Please print exactly the lines below, from the start of the material up to and including the line with "Coperta naturale in", but none of the pictures.

Material provided
# # # # #

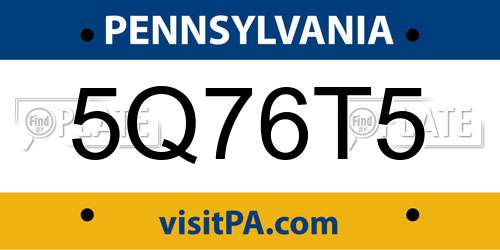 5Q76T5 Pennsylvania License Plate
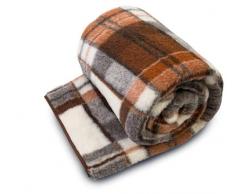 Coperta naturale in lana di merino, coperta a quadri, per divano letto matrimoniale, 160 x 200 cm, coperta a quadri, colore marrone, coperta naturale, ideale come regalo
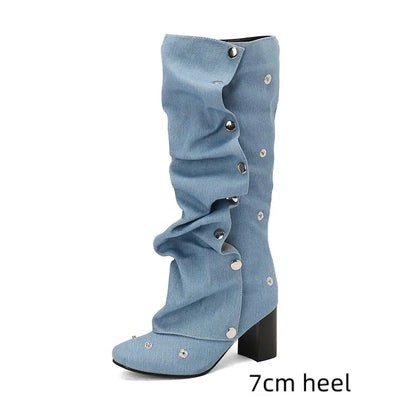 🍒Denim boots for Women blue multi snap-fastener pleated shoes with zip wide calf length boots winter footwear Cute Cowboy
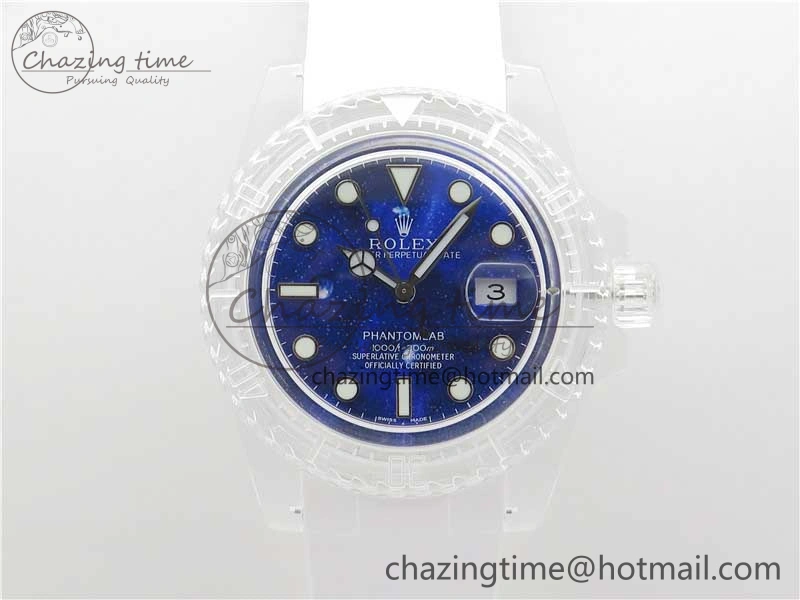Submariner Phantomlab Transparent KZF Best Edition Deep Blue Dial on White Rubber Strap VR3135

# # # # #

Solution to this exercise
 5Q76T5 Pennsylvania License Plate
 Coperta naturale in lana di merino, coperta a quadri, per divano letto matrimoniale, 160 x 200 cm, coperta a quadri, colore marrone, coperta naturale, ideale come regalo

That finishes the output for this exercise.